While the written motorcycle test is exactly the same and must be taken at the DMV, the riding skills test for the CA DMV is different than the test taken at the end of the safety course. The DMV asks the rider to identify five controls: starter, engine cutoff, clutch, throttle and gear shifter. Then, the rider must demonstrate specific riding skills on their course: serpentine or weave in and out of five cones about five feet apart, circle both left and right staying inside painted lines, slow ride in a straight line, gear shift up and down during a ride, and break smoothly to a complete stop. If you go outside the lines or put your foot down during any part of the course, the test is over. You fail.

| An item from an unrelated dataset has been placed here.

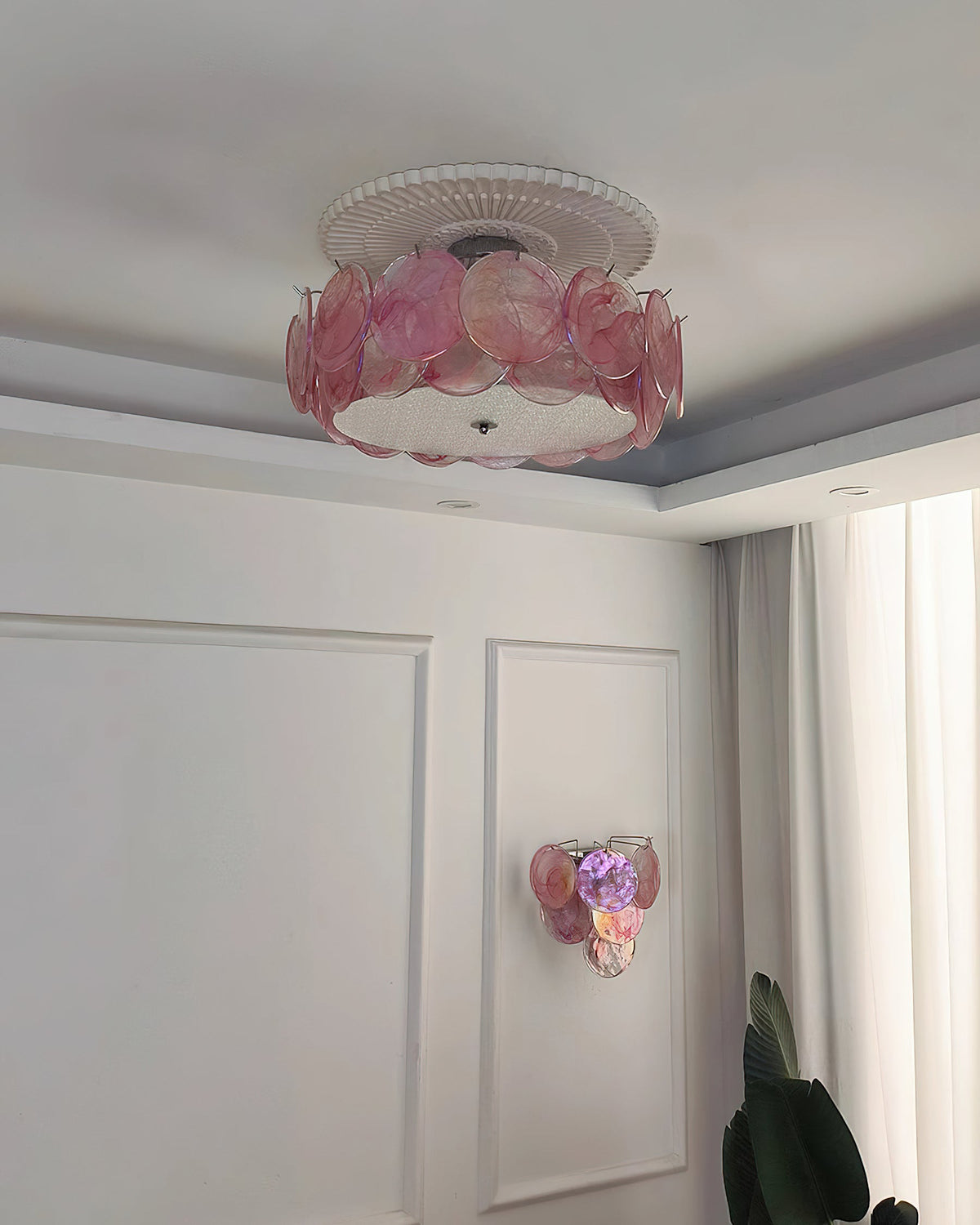Circular Glass Flush Mount Ceiling Light – Contemporary Metal Frame with Translucent Dome – Available in 4 Colors | Thomler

In the safety course riding test you must demonstrate similar skills, however, it is a much longer and grueling test. None of us would learn if we pass or fail until the conclusion of all tests. A couple of riders dropped a foot down during the tougher skills, and every one of us felt for them in that moment. During the gear shift up, then corner and break quickly/smoothly test, I scraped the right peg on the asphalt and thought for sure I failed. That fear was only slightly tempered by the pure joy of riding that low on the little Kawasaki Eliminator.
About an hour later, after all of us had been through every skills test and one large traffic simulation evaluation, Walter Champion asked us to line up the bikes and shut them down. He instructed all six of us to raise our right hands. Then, he proceeded to walk down the line slapping our gloved mitts. Congratulations. We passed.
A combination of thoughts and feelings filled me. I was elated, relieved, and a little terrified. Great, I passed. Now what?